Super Mario Bros. was designed by Shigeru Miyamoto and Takashi Tezuka and released on 13 September 1985 in Japan, bundled with the Famicom as a pack-in title in North America. It followed the 1983 arcade game Mario Bros. and transformed its single-screen format into a side-scrolling world of eight kingdoms. Mario must traverse the Mushroom Kingdom — its plains, underground tunnels, underwater caverns, and castles — to reach Bowser in World 8-4 and rescue the Princess.
Super Mario Bros. established the grammar of the platform game. Running builds momentum; jumps have arc and hang time; enemies can be stomped, avoided, or bypassed. The Super Mushroom doubles Mario’s size and grants an extra hit; the Fire Flower lets him throw projectiles; the Super Star grants temporary invincibility with its own musical fanfare. Flagpoles end each level, with height at the moment of contact determining the bonus score. Hidden coin blocks reward experimentation; Warp Zones in World 1-2 let players skip to later worlds. The game teaches its rules almost entirely through level design — hazards are introduced in safe contexts before they become dangerous — a technique that has influenced game design education ever since.

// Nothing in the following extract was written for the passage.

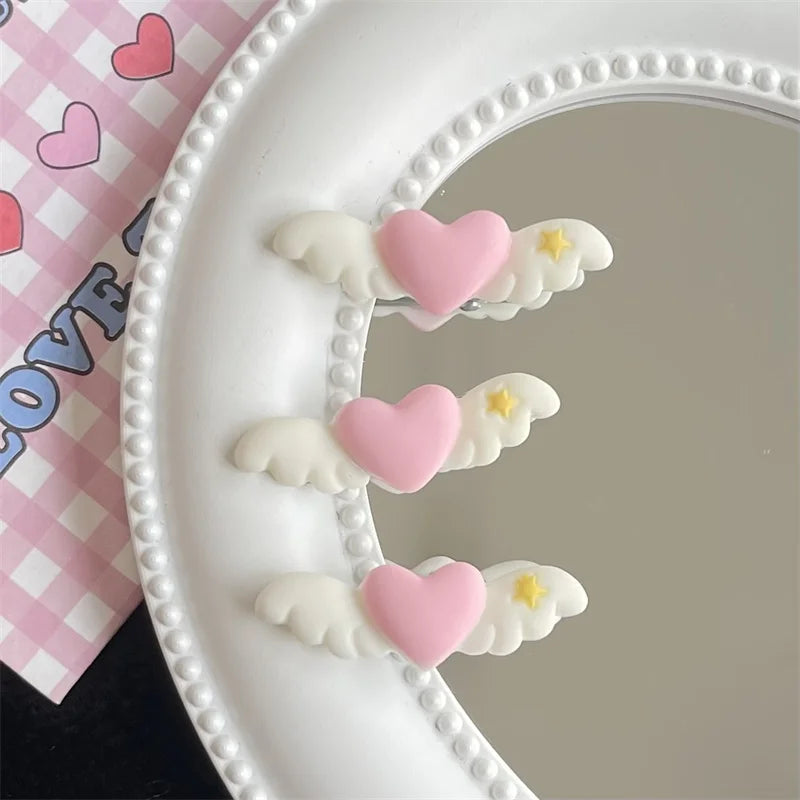 Cartoon Pet Lovely Heart Wings Hairpins Pet Dog Bows Hair Clips for Puppy Dogs Cat Yorkie Teddy Pet Hair Decor Pet Supplies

Super Mario Bros. sold over 40 million copies on the NES, making it the best-selling video game of its era. It is credited with reviving the North American video game market following the 1983 crash and establishing Nintendo as the dominant force in home gaming for the following decade. IGN ranked it #21 on their 2021 list of the top 100 games; Time ranked it #8 on their 2016 list of the 50 best. The franchise it launched has become the best-selling video game series of all time, with over 800 million units sold. Its iconography — the mushroom, the flagpole, the coin block — is among the most recognisable in popular culture.